A doctor blade and backup roll maintain uniform thickness to allow smooth coating at high speeds. With this method, streaks (linear defects) are a concern.

Chamber doctor coaters

Chamber doctor coater image

Coating fluid is supplied from a chamber, which prevents the emission of solvent smells and changes in viscosity while also allowing for easy blade replacement. This method can be used for direct gravure coating or reverse gravure coating.

Bar coaters

Bar coater image

After coating, a bar makes the coated surface uniform. This system is suitable for small-quantity and high-speed coating of undercoats and topcoats.

Air knife (air doctor) coaters

Air knife (air doctor) coater image

These coaters are suitable for water-based coating fluids. After coating, pressurized air is applied to make the coated surface uniform.
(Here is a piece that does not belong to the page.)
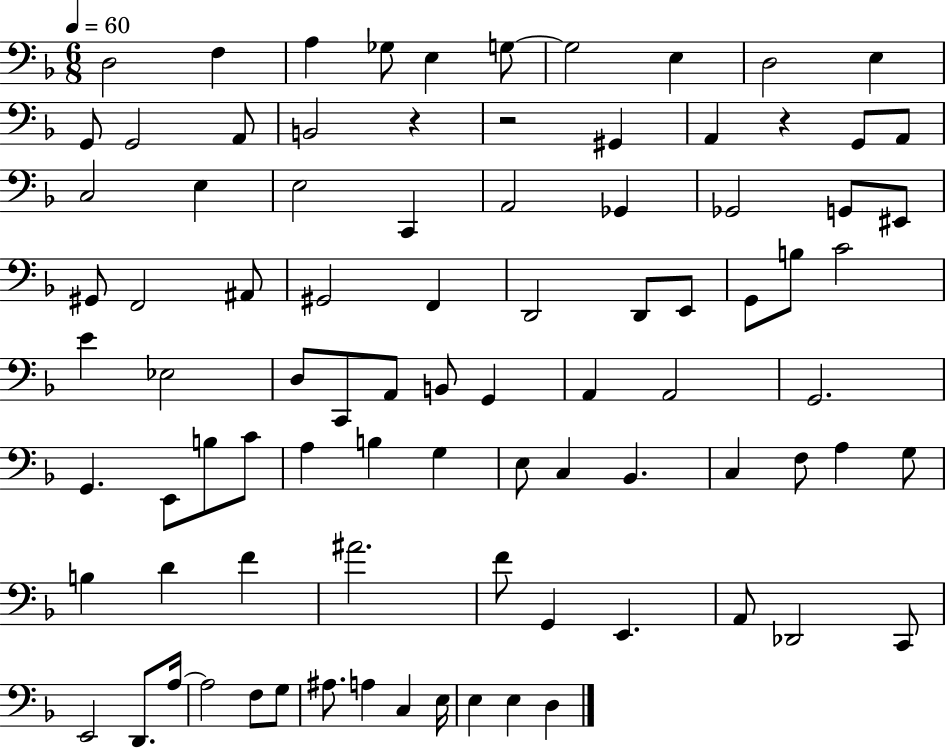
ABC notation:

This method is less affected by the substrate thickness or uneven surfaces.

Present state of roll coaters

In addition to the above, many different coaters and combinations have been used to achieve smooth coating and pattern printing with high accuracy and at high speeds under various conditions. The section describes a variety of materials and end products that require coating technology.
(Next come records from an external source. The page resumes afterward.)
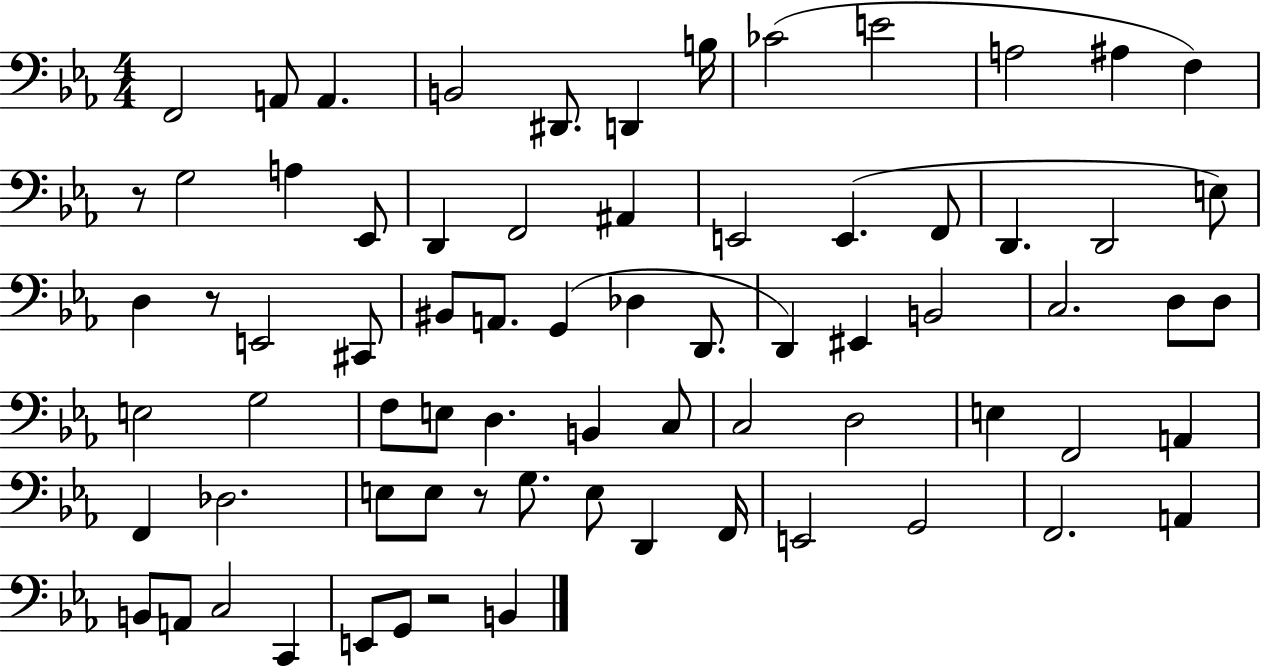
X:1
T:Untitled
M:4/4
L:1/4
K:Eb
F,,2 A,,/2 A,, B,,2 ^D,,/2 D,, B,/4 _C2 E2 A,2 ^A, F, z/2 G,2 A, _E,,/2 D,, F,,2 ^A,, E,,2 E,, F,,/2 D,, D,,2 E,/2 D, z/2 E,,2 ^C,,/2 ^B,,/2 A,,/2 G,, _D, D,,/2 D,, ^E,, B,,2 C,2 D,/2 D,/2 E,2 G,2 F,/2 E,/2 D, B,, C,/2 C,2 D,2 E, F,,2 A,, F,, _D,2 E,/2 E,/2 z/2 G,/2 E,/2 D,, F,,/4 E,,2 G,,2 F,,2 A,, B,,/2 A,,/2 C,2 C,, E,,/2 G,,/2 z2 B,,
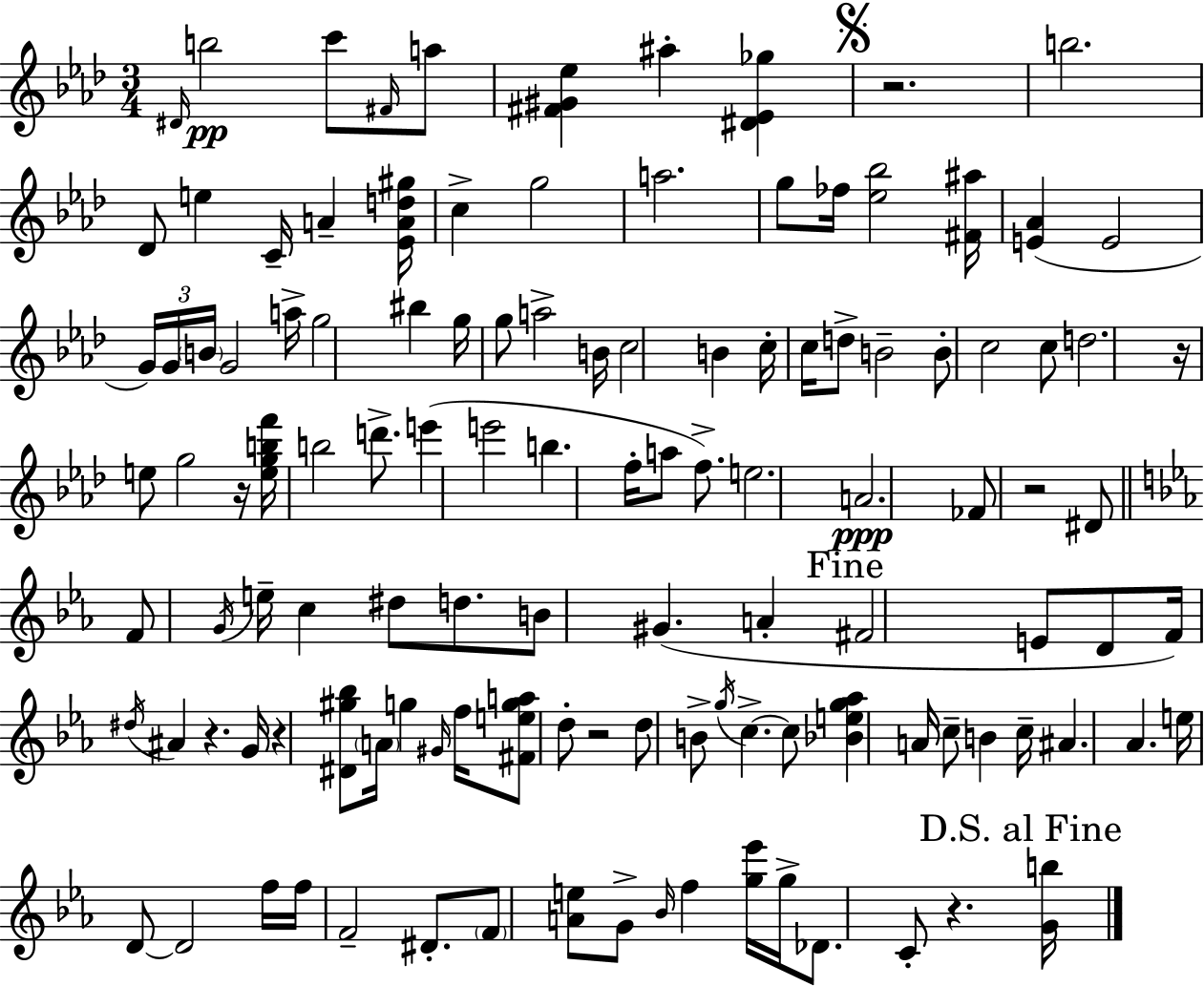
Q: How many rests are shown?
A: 8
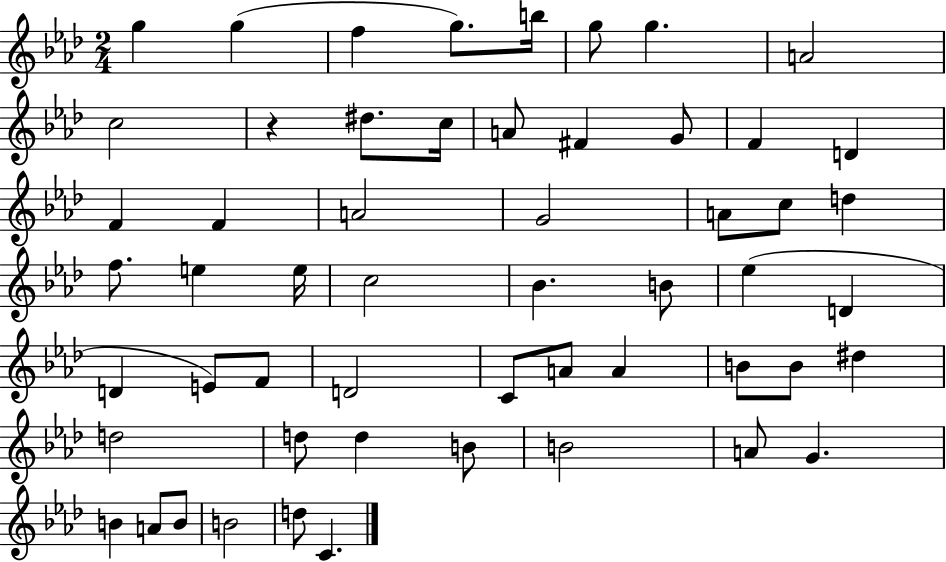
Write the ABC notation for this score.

X:1
T:Untitled
M:2/4
L:1/4
K:Ab
g g f g/2 b/4 g/2 g A2 c2 z ^d/2 c/4 A/2 ^F G/2 F D F F A2 G2 A/2 c/2 d f/2 e e/4 c2 _B B/2 _e D D E/2 F/2 D2 C/2 A/2 A B/2 B/2 ^d d2 d/2 d B/2 B2 A/2 G B A/2 B/2 B2 d/2 C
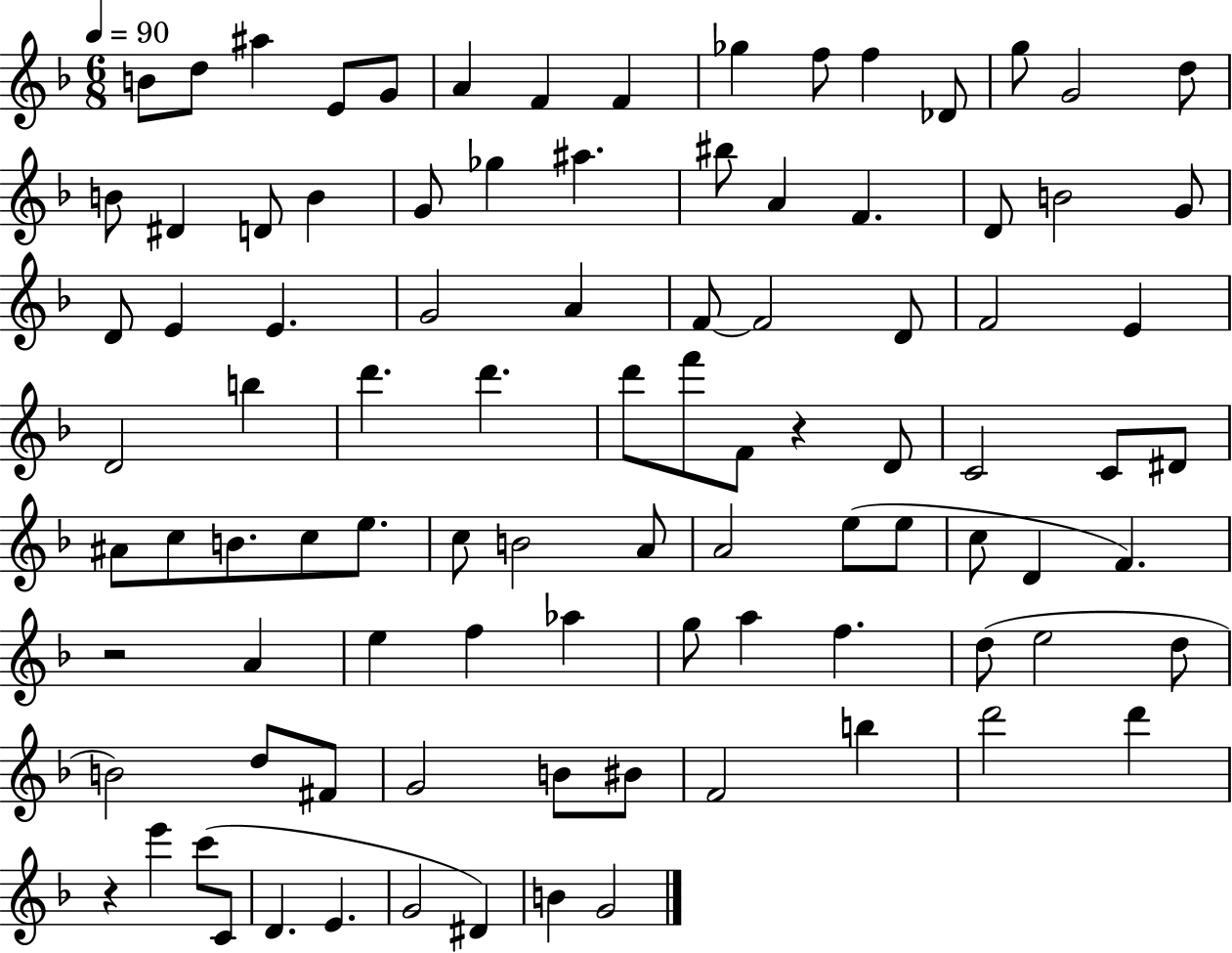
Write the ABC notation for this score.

X:1
T:Untitled
M:6/8
L:1/4
K:F
B/2 d/2 ^a E/2 G/2 A F F _g f/2 f _D/2 g/2 G2 d/2 B/2 ^D D/2 B G/2 _g ^a ^b/2 A F D/2 B2 G/2 D/2 E E G2 A F/2 F2 D/2 F2 E D2 b d' d' d'/2 f'/2 F/2 z D/2 C2 C/2 ^D/2 ^A/2 c/2 B/2 c/2 e/2 c/2 B2 A/2 A2 e/2 e/2 c/2 D F z2 A e f _a g/2 a f d/2 e2 d/2 B2 d/2 ^F/2 G2 B/2 ^B/2 F2 b d'2 d' z e' c'/2 C/2 D E G2 ^D B G2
Expanding coating applications

The demand for mass production using thin film coating technology has been growing as a result of thinner and more functional smartphones and tablets, the miniaturization and increased density of their components, the expanding demands for secondary batteries and solar cells, and the advanced performance of automobiles, construction materials, and fabrics.

Functional films for optical products (organic ELs, TFT LCDs, touch panels, etc.)
Light control (LR) films, anti-reflection (AR) films, anti-glare (AG) films, polarizing films, TAC films, light diffusion films, hard coat (screen protection) films, transparent conductive (ITO) films, index matching films, optical clear adhesive (OCA) films, flexible printed circuits (FPC), prism sheets
Secondary batteries and solar cells
Secondary battery electrode plates, secondary battery separators, reflector films, light-shielding films, photoresist films, decorative films, window films, heat dissipating films, solar cell back sheets, thin-profile battery laminates
Electronic components and semiconductors
Flexible printed circuits (FPC), photoresist films, polyimide (PI) films, laminated ceramic capacitors
Other functional films and sheets (automobile, housing, fabric, medical, etc.)
Leather sheets, carbon fiber products, airbags, heat insulation sheets, wallpaper, cushion flooring (CF), prepreg, non-woven fabrics, felt, mats, carpeting, waterproof moisture permeable sheets, adhesive tapes, transdermal absorption medicine sheets, barrier packaging films

Development and trends of systems

One of the problems of operating roll coaters is the sizable equipment necessary for large dimensions of the substrates, and the extensive changeover work required. In recent years, some devices have adopted cassette-type rollers to make changing coating conditions easier.

While the equipment has become more sophisticated and complicated, the need for measuring, monitoring, and recording the states of the coated surfaces, equipment, and substrates (targets) through the use of laser displacement sensor, cameras, and sensors has also increased.